Improving syncookies
Back in 1997 TCP SYN flood attacks were all the rage among script kiddies. A SYN flood is a denial of service attack that uses up server resources by initiating, but not completing, a connection. Attacks via this method still remain a problem today though they are now more likely to be launched by sophisticated botnets rather than an individual. A first line defense against SYN floods is the syncookie. The syncookie was not designed for Linux specifically but found its way into kernel 2.1.44 via a patch from Andi Kleen.
This long-time feature generated some recent discussion when a patch was submitted adding syncookie support to IPv6. The patch has now been queued for acceptance but in discussion along the way the community also began to tackle some longstanding limitations of syncookies and reaffirmed how relevant the feature continues to be.

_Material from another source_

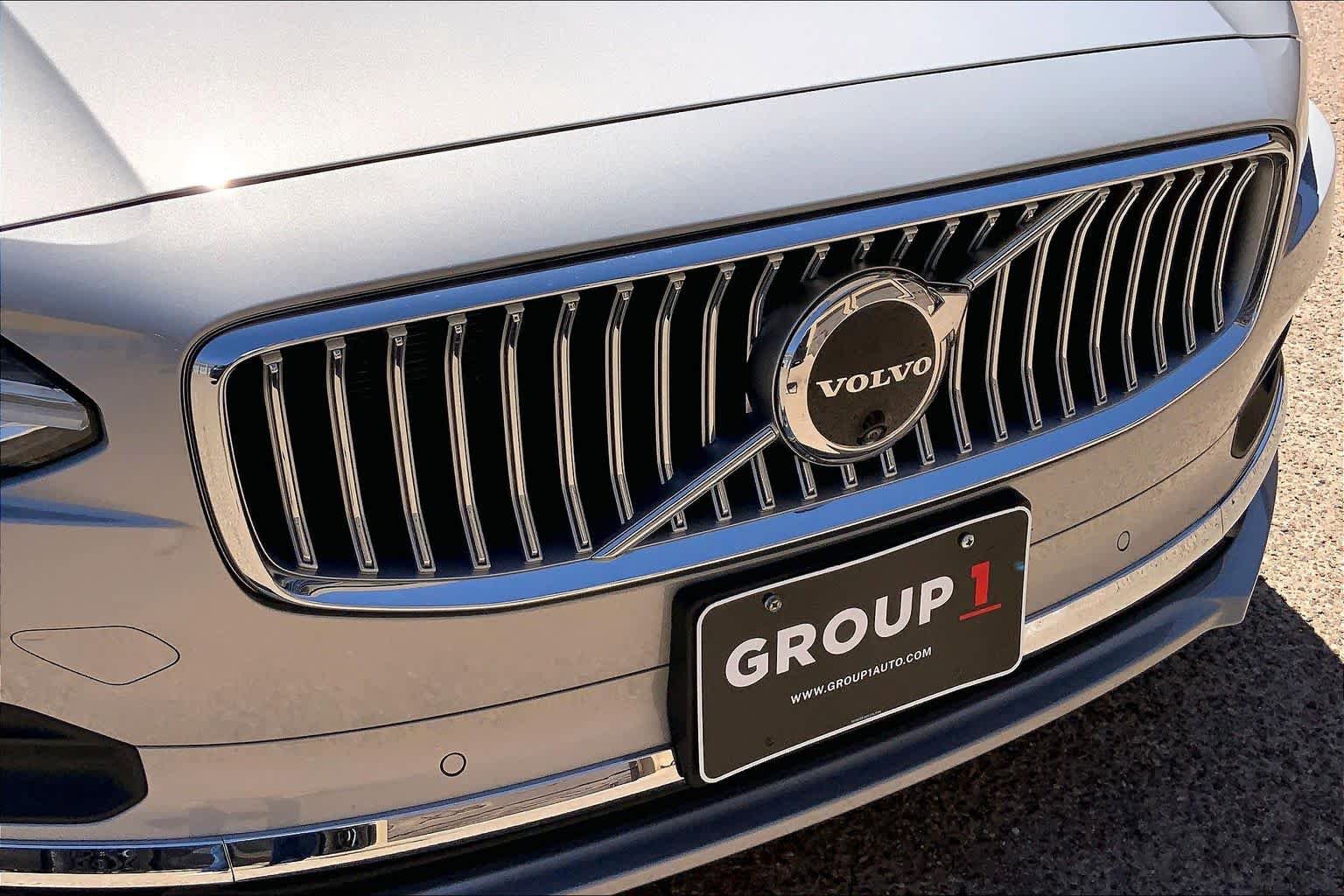 Used 2024 Volvo S90 B6 Ultimate w/ Protection Package Premier AWD/4WD image 30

To fully describe syncookies some background on how TCP uses a three way handshake to establish a connection is in order. The first packet of any TCP session received by the server is known as the SYN packet because it carries the synchronize control flag. The SYN flag indicates that its sender wishes to open a new connection. That flag is only used during the opening sequence. The server responds with a packet also containing the SYN flag because the connection needs to be opened in both directions. This second packet also carries the ACK flag and is known as the SYN-ACK. It serves to both open the connection from the server to the client and to acknowledge receipt of the opening packet from the other host. Finally, the client sends a bare ACK packet to the server to acknowledge receipt of server-to-client SYN-ACK and the connection is then fully established.
During a SYN flood a server receives the first packet of the three-way TCP handshake and responds with a SYN-ACK but no further data is ever received from the initiating client. When the SYN-ACK is generated most servers will also create an entry in the SYN queue. This queue is the waiting area for half-open connections awaiting handshake completion. The attacker intentionally orphans those entries and instead generates more SYN packets which in turn take up more entries in the queue. The server needs to wait for a long timeout before giving up and recovering the connection resources. During this time the attacker can flood it with many more half-open connections. Eventually the server runs out of resources and cannot accept any new connections without dropping some, perhaps legitimate, connection from the queue. Simple solutions such as placing a quota on the number of partially open connections per peer or using dynamically adjusted packet filters do not work because the SYN packets are easy to forge with fake source addresses.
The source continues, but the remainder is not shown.